The Quest Pro beats the XR Elite in terms of eye tracking too. At the moment, there’s no eye tracking on the XR Elite. That said, a later add-on will make this possible. This will, however, come at an additional cost. 

Are There Many XR Elite Apps Available?

Apps and games for the XR Elite are available through the store or Viveport. Currently, the titles on offer are quite limited, with around 90 apps available a month after launch. To date, the Viveport Infinity Program, which is set to open up hundreds more titles, isn’t available on the XR Elite. 

So far, there are not many XR Elite apps that harness the mixed-reality functionality either.  At the moment, you can enjoy Figmin XR, which lets you create and play with holograms and a music-conducting app called Maestro. 

Of course, it is early days; however, as is the case with any new platform, attracting developers to create apps and games is key to the overall success, and as things stand, the XR Elite is probably not worth its price tag, or being viewed as a standalone device. 

One thing that does compensate for the lack of apps is the fact that SteamVR streaming is an option. But, to do this, you will need extra software for your PC.

HTC Vive XR Elite: The Verdict

With the current retail price of the Vive XR Elite sitting at £1,300 in the UK and $1,100 in the United States, it seems the British market has drawn the short straw. Additionally, when you consider that it’s actually more expensive than the Meta Quest Pro but only punching around the level of the Quest 2, it doesn’t represent good value for money. 

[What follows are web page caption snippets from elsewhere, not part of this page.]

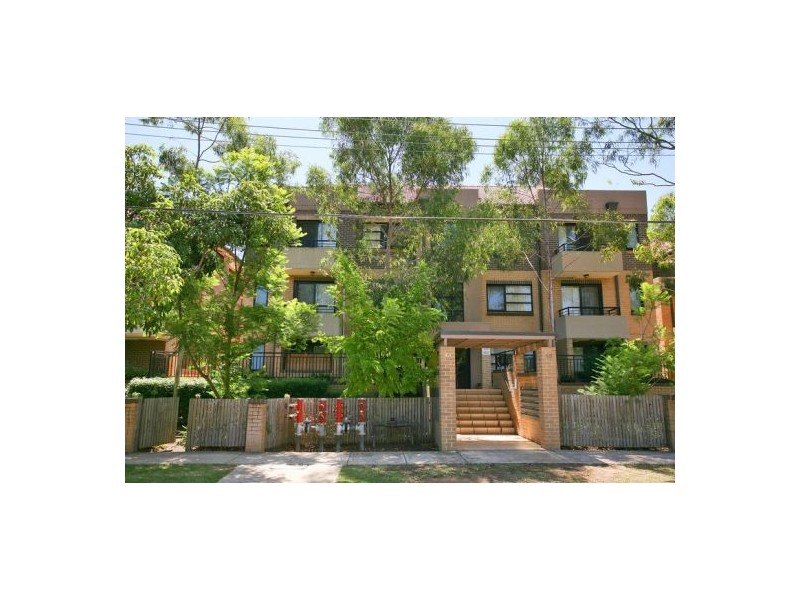 14/47 Hampstead Rd, Homebush West NSW 2140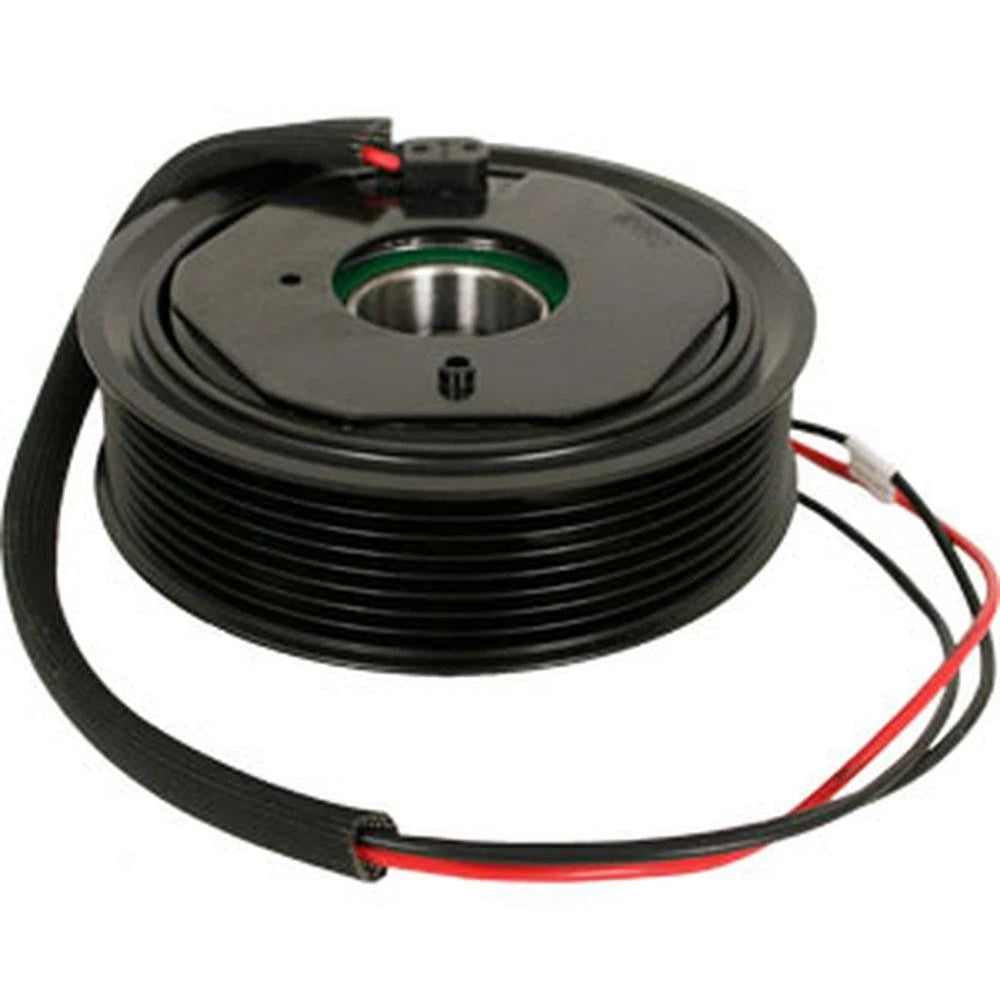 Clutch Al78494 Fits John Deere Se6400 Se6410 Se6420 Se6510 Se6520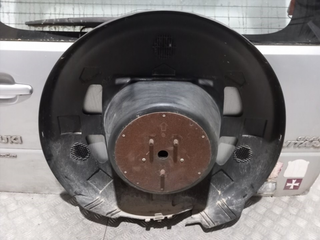 PORTON TRASERO SUZUKI GRAND VITARA 5-PUERTAS (SQ/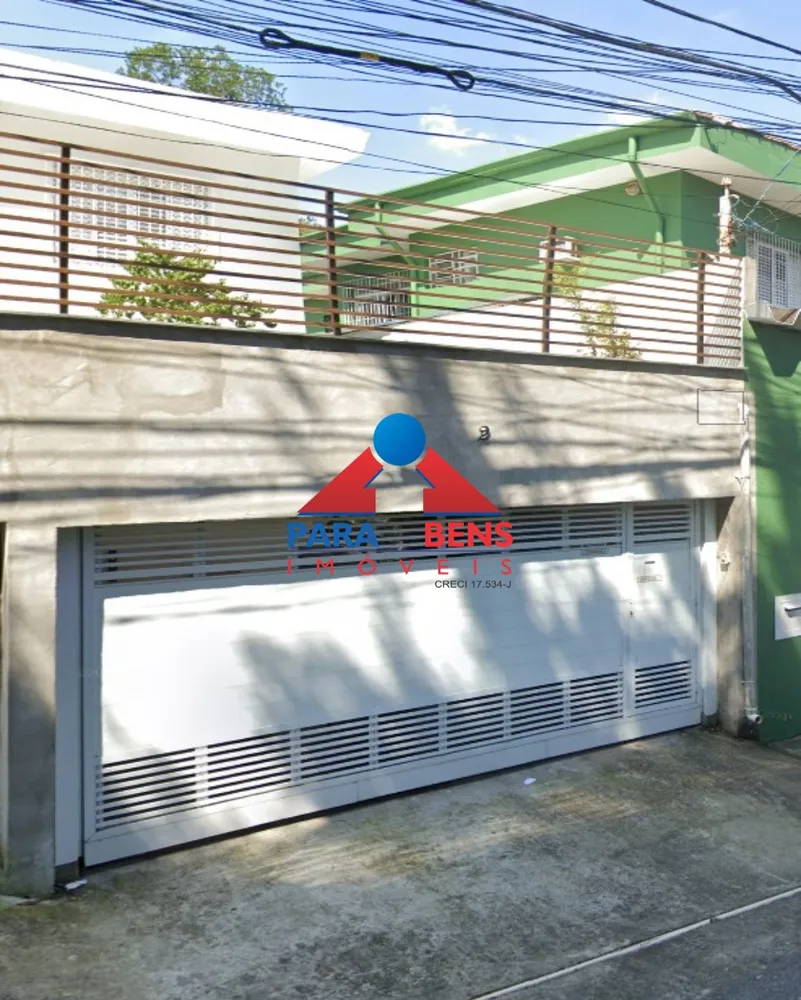 Casa, 3 quartos, 120 m² - Foto 1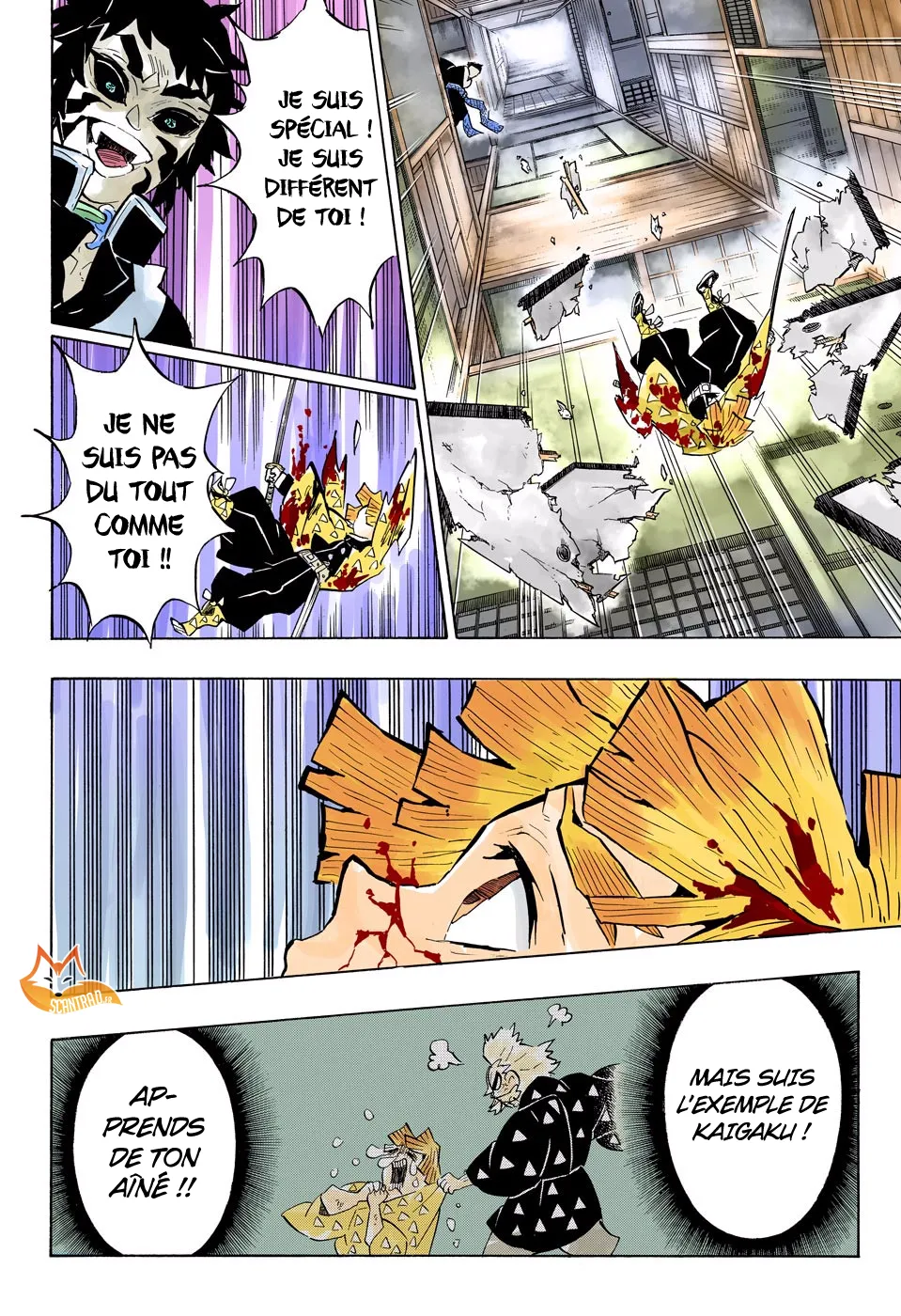 Kimetsu No Yaiba - 145 - 65513ac1d9bd0.webp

Sadly, without a bank of great apps to keep users interested, the XR Elite isn’t likely to win many people over, either. 

Where the XR Elite does break ground is in its size. The slimline design is a step forward for VR (and XR) and something that might change the shape of things to come. Unfortunately, it doesn’t look like this will be the headset of the year and won’t steal market share from Meta and Sony. With the Apple headset available later this year, it might be wise to hang on and see what that device brings to the game. 

If you’re looking for a lightweight device to add to your growing collection of VR headsets, then the Vive XR Elite is for you. If you’re looking for your first headset, then there’s not much available here that you can’t get from the more modestly-priced Meta Quest 2. And, if mixed reality is really what you’re looking for, this doesn’t match up to the Quest Pro.